Fortunately, World of Warcraft’s success has made it unnecessary to introduce people to MMORPGs. When I tried to explain the concept to normal people only a few years ago, all I got were blank stares and no more invitations to the person’s BBQs. Today, all I have to say is “MUDs are like WoW, but without graphics”. Of course most MUDs have a lot more depth than WoW does, but if you’ve actually worked through all of this text, you might have noticed a pattern: If there are less graphics, there’s usually more gameplay and/or more depth. So yay for less graphics!
Links for MUDs and MUSHes
- TinTin++, a client for MUD-like games (Ubuntu/Debian package: tintin++)

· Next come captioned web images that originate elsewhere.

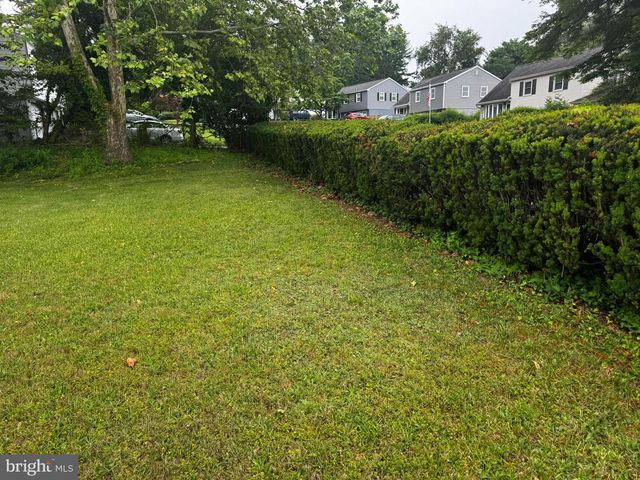 151 BROWNLIE RD, King Of Prussia, PA 19406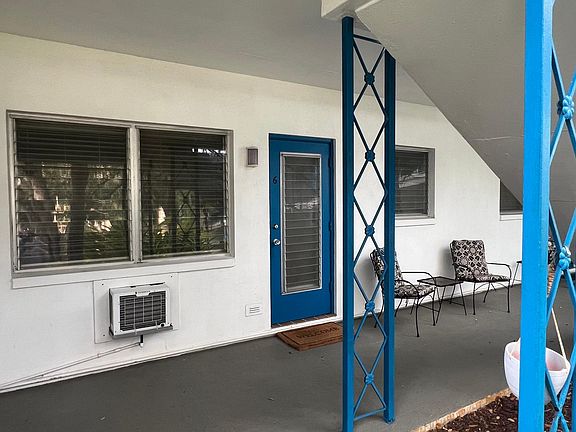 2nd image of 800 Beach Dr NE APT 6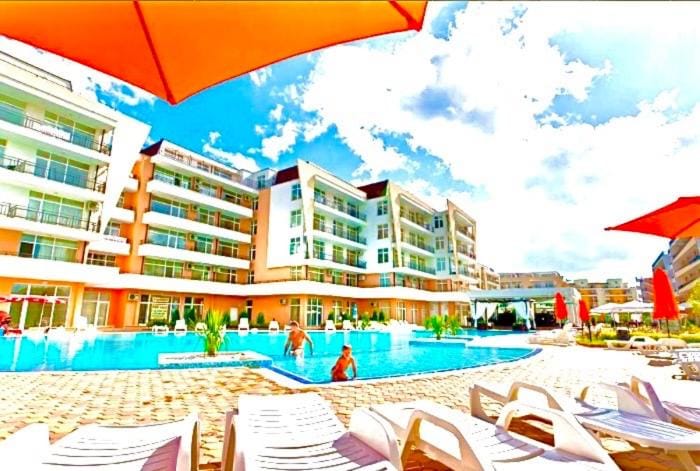 Property building, Patio, Day, Pool view, Swimming pool, sunbed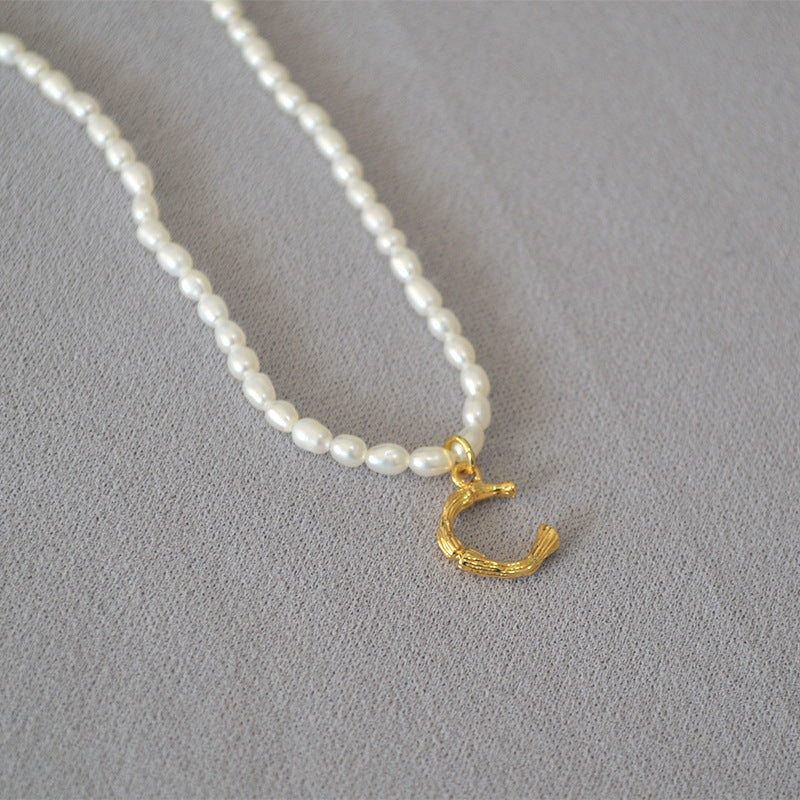 Hurmaava Helmi Kaulakoru jokaiseen tilaisuuteen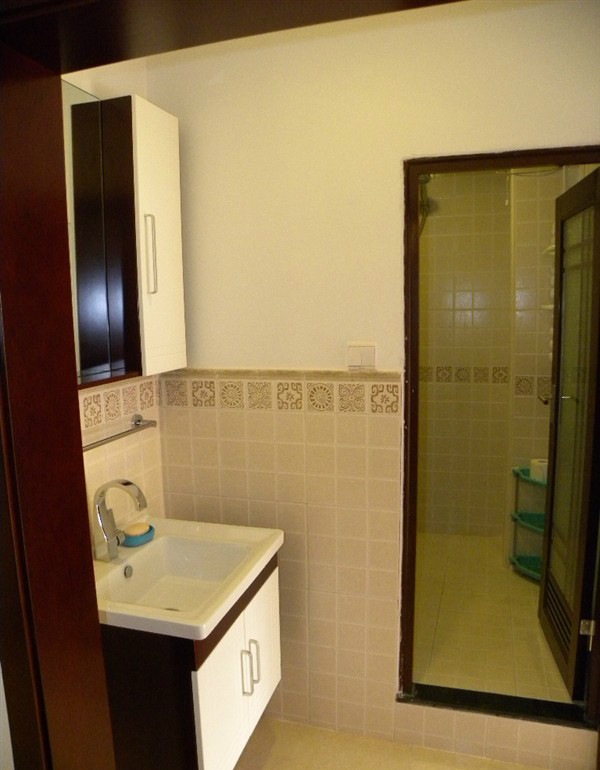 �������ʴ�ѧװ��Ч��ͼ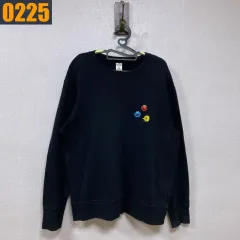 105 UNIQLO カウズ コラボ ラウンド スウェット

- The MUD Connector, thousands upon thousands of MUDs for anyone’s taste!
With less work to invest in graphics, developers who make text-based games have a lot of time to perfect their gameplay. If that’s not enough, many roguelikes for example have been in development for over a decade, refining every little feature to silly levels. These titles are pure, concentrated game.
Your brain’s the best graphics card there is, so give it something to work with! There’s no excuse, most of this stuff is free. Tickle your imagination and try a few games that don’t have graphics. You might discover that they’re much prettier and more engaging than those that do.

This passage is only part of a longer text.